Captioned web images
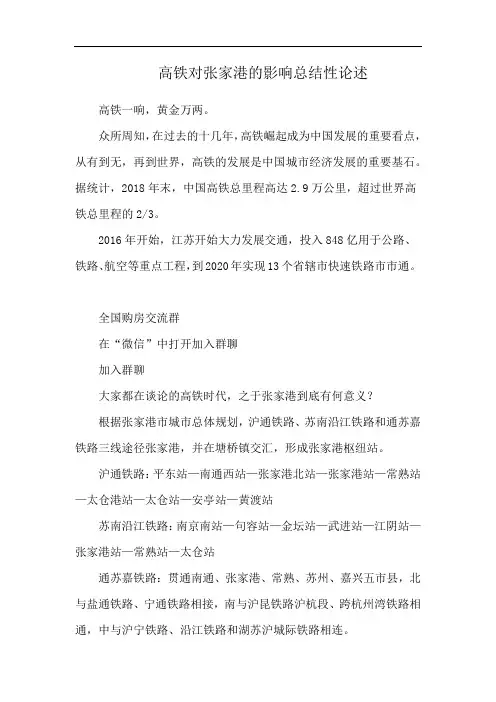 高铁对张家港的影响总结性论述
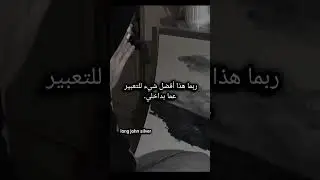ربما... #long_john_silver #خواطر #اقتباسات#عبارات#مشاعر#كوكيتي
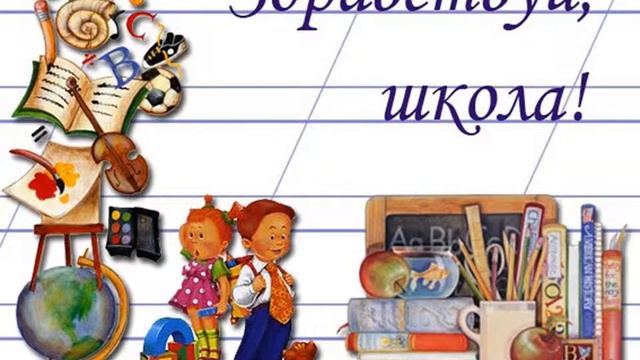 С днем знаний! смотреть онлайн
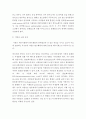 농학 = 가축영양학 = 소가 사료를 섭취할 경우 탄수화물 지방 단백질의 소화 및 흡수 과정에 관하여 기술하시오 5페이지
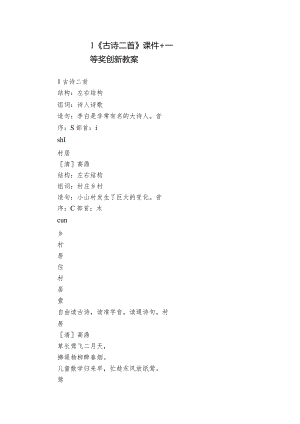 1《古诗二首》课件+一等奖创新教案.docx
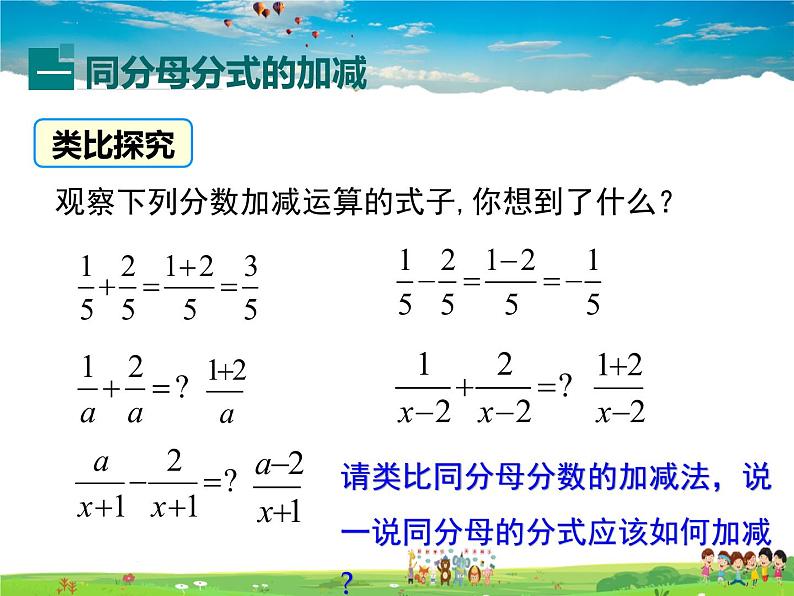 华师版数学八年级下册-16.2.2 分式的加减课件PPT04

> [WHAT YOU WILL DO]
Apart from the pictures, every line above must be repeated exactly.

> [TASK SOLUTION]
 高铁对张家港的影响总结性论述
ربما... #long_john_silver #خواطر #اقتباسات#عبارات#مشاعر#كوكيتي
 С днем знаний! смотреть онлайн
 농학 = 가축영양학 = 소가 사료를 섭취할 경우 탄수화물 지방 단백질의 소화 및 흡수 과정에 관하여 기술하시오 5페이지
 1《古诗二首》课件+一等奖创新教案.docx
 华师版数学八年级下册-16.2.2 分式的加减课件PPT04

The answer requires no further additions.